À partir du Xème siècle et jusqu’en 1780, le cimetière des Saints-Innocents était le principal cimetière de Paris. D’abord hors-les-murs puis intramuros à partir du XIIème siècle, il était un lieu d’insalubrité et de scandales, mais aussi de promenade, avant d’être fermé pour des raisons d’hygiène. Il fut ensuite détruit en 1786.

Le cimetière des Saints-Innocents jusqu’au XVIIIème siècle

Aujourd’hui, la place Joachim du Bellay, souvent appelée place des Innocents, est traversée quotidiennement par les nombreux usagers des Halles ou des restaurants qui entourent la place et sa fontaine. Souvent inconscients qu’au Moyen-Âge, ils auraient mis le pied dans le principal cimetière de Paris.

Jusqu’au XVIIIème siècle, le cimetière des Saints-Innocents occupait cet emplacement, mais il était bien plus grand que la place actuelle. La fontaine des Innocents n’existait pas : elle a été édifiée en 1550 à l’angle de la rue Saint-Denis et transportée sur la place lors des travaux de Hausmann en 1860, bien après la fermeture du cimetière. Celui-ci jouxtait l’église des Saints-Innocents, qui lui a donné son nom, aujourd’hui disparue. Sous Philippe Auguste, au XIIème siècle, il a été entouré d’une muraille qui le délimitait du quartier des Halles et de son marché. Ce mur mit fin à un phénomène quelque peu scandaleux : jusque-là, il était fréquent que les cochons viennent fouiller les tombes pour s’y nourrir.

Cimetière des Saints-Innocents

Faute de pouvoir s’agrandir, le cimetière est saturé dès le XIVème siècle. Les charniers furent alors construits, ces galeries à arcades qui entouraient le cimetière et étaient, en fait, des pourrissoirs où on entassait les corps. Ils étaient décorés de fresques et peintures, dont « La danse macabre », une fresque du XVème siècle qui représentait la Mort saisissant les vivants.

Malgré les charniers, l’insalubrité générale et les corps pourrissant à la vue de tous, le cimetière des Saints-Innocents était un lieu de promenade et d’animation, particulièrement pour les écrivains, les fêtards ou les prostituées. Des boutiques bordaient aussi le cimetière, parcouru par des vendeurs de lingerie, de livres ou de draps.

Si le quartier était plutôt miséreux, le cimetière des Saints-Innocents, malgré sa mauvaise réputation, accueillait tous les Parisiens, pauvres comme bourgeois.

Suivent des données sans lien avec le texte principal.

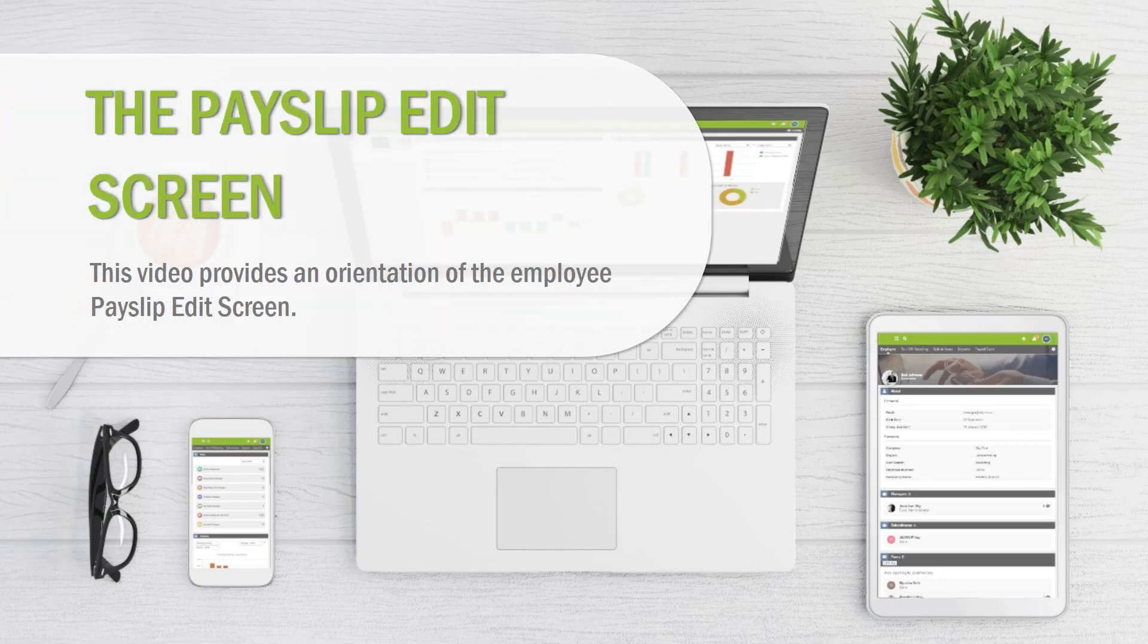The payslip edit screen. This video provides an orientation of the employee payslip edit screen.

Initialement séparés, les plus riches se faisaient enterrer en sépulture individuelle, tandis que les plus modestes se contentaient des fosses. C’est d’ailleurs par les bourgeois qu’ont été construites les arcades du cimetière, et le célèbre Nicolas Flamel en finança une pour le tombeau de son épouse.

Le cimetière des Saints-Innocents était aussi particulier pour ses recluses, qui se faisaient emmurer vivantes, par dévotion mais aussi, parfois, contre leur gré, après un rituel semblable à celui d’un enterrement. Les badauds pouvaient nourrir les recluses par une petite ouverture pratiquée dans le mur de la cellule plongée dans le noir.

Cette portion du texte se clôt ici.